FL: Not to get into technical terms, but I think you I think you would feel confident to know that the budding efforts in this kind of research is happening you know, trustworthy AI, explainable AI, security-motivated or aware AI. So I’m not saying we have the solution, but a lot of technologists around the world are thinking along that line and trying to make that happen.
YNH: It’s not that I want an AI that belongs to Google or to the government that I can trust. I want an AI that I’m its master. It’s serving me.
NT: And it’s powerful, it’s more powerful than my AI because otherwise my AI could manipulate your AI.
YNH: It will have the inherent advantage of knowing me very well. So it might not be able to hack you. But because it follows me around and it has access to everything I do and so forth, it gives it an edge in this specific realm of just me. So this is a kind of counterbalance to the danger that the people—
FL: But even that would have a lot of challenges in their society. Who is accountable, are you accountable for your actions or your sidekick?
YNH: This is going to be a more and more difficult question that we will have to deal with.
NT: Alright Fei-Fei, let’s go through a couple questions quickly. We often talk about top-down AI from the big companies, how should we design personal AI to help accelerate our lives and careers? The way I interpret that question is, so much of AI is being done at the big companies. If you want to have AI at a small company or personally, can you do that?
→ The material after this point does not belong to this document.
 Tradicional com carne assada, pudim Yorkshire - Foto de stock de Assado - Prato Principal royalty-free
FL: So well, first of all, one of the solutions is what Yuval just said.
NT: Probably those things were built by Facebook.
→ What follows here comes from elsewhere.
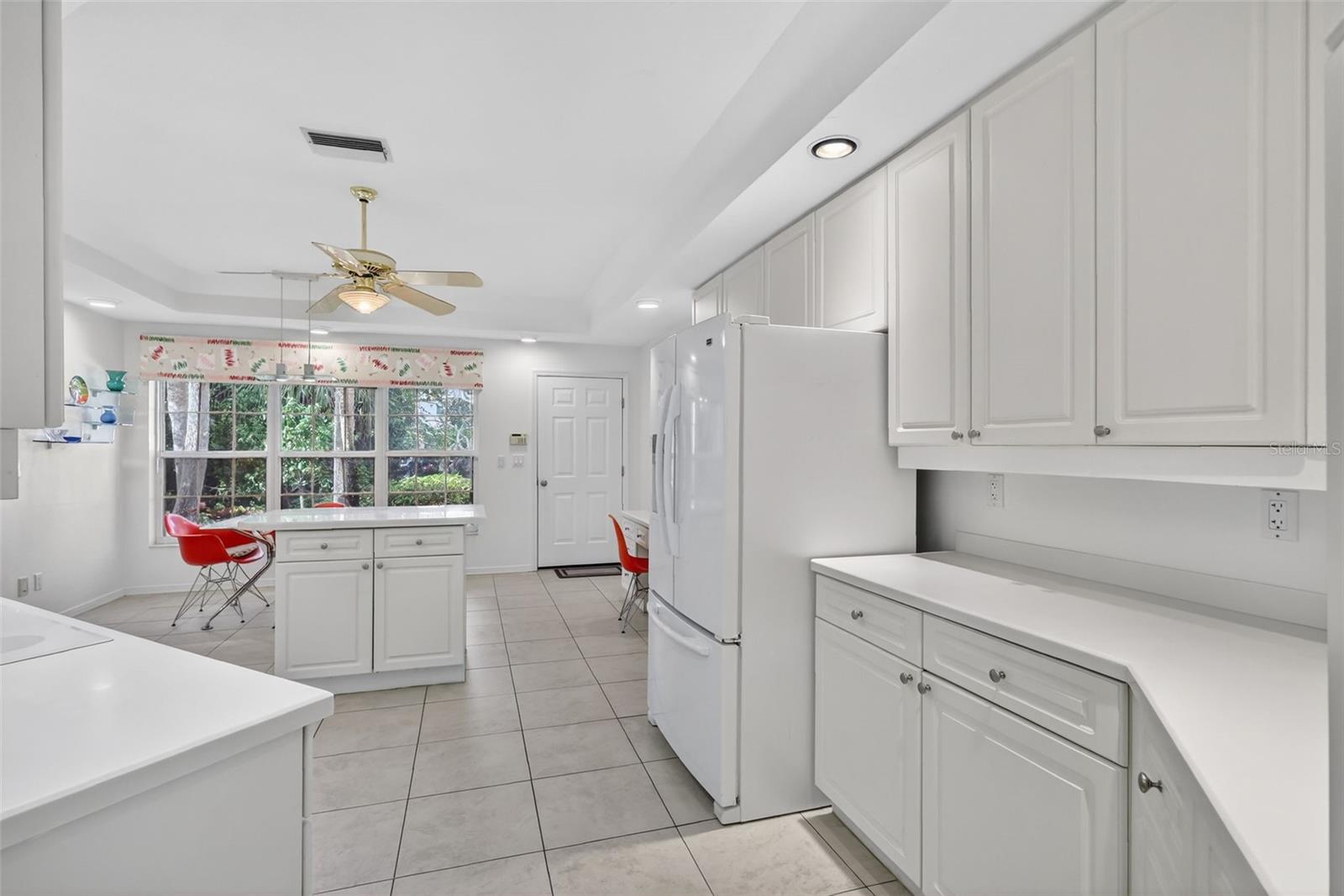 VILLAS AT EAGLES POINT - Residential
FL: So first of all, it’s true, there is a lot of investment and effort and resource putting big companies in AI research and development, but it’s not that all the AI is happening there. I want to say that academia continues to play a huge role in AI’s research and development, especially in the long term exploration of AI. And what is academia? Academia is a worldwide network of individual students and professors thinking very independently and creatively about different ideas. So from that point of view, it’s a very grassroots kind of effort in AI research that continues to happen. And small businesses and independent research Institutes also have a role to play. There are a lot of publicly available data sets. It’s a global community that is very open about sharing and disseminating knowledge and technology. So yes, please, by all means, we want global participation in this.
NT: All right, here’s my favorite question. This is from anonymous, unfortunately. If I am in eighth grade, do I still need to study?
FL: As a mom, I will tell you yes. Go back to your homework.
NT:. Alright Fei-Fei, What do you want Yuval’s next book to be about?
FL: Wow, I need to think about that.
NT: Alright. Well, while you think about that, Yuval, what area of machine learning you want Fei-Fei to pursue next?
FL: The sidekick project.
YNH: Yeah, I mean, just what I said. Can we create the kind of AI which can serve individual people, and not some kind of big network? I mean, is that even possible? Or is there something about the nature of AI, which inevitably will always lead back to some kind of network effect, and winner takes all and so forth.
FL: Ok, his next book is going to be a science fiction book between you and your sidekick.
NT: Alright, one last question for Yuval, because we’ve got the top voted question. Without the belief in free will, what gets you up in the morning?
YNH: Without the belief in free will? I don’t think that’s the question … I mean, it’s very interesting, very central, it has been central in Western civilization because of some kind of basically theological mistake made thousands of years ago. But really it’s a misunderstanding of the human condition.
The real question is, how do you liberate yourself from suffering? And one of the most important steps in that direction is to get to know yourself better. For me, the biggest problem was the belief in free will, is that it makes people incurious about themselves and about what is really happening inside themselves because they basically say, “I know everything. I know why I make decisions, this is my free will.” And they identify with whatever thought or emotion pops up in their mind because this is my free will. And this makes them very incurious about what is really happening inside and what is also the deep sources of the misery in their lives. And so this is what makes me wake up in the morning, to try and understand myself better to try and understand the human condition better. And free will is just irrelevant for that.
NT: And if we lose your sidekick and get you up in the morning. Fei-Fei, 75 minutes ago, you said we weren’t gonna reach any conclusions Do you think we got somewhere?
FL: Well, we opened the dialog between the humanist and the technologist and I want to see more of that.
NT: Great. Thank you so much. Thank you, Fei Fei. Thank you, Yuval. wonderful to be here.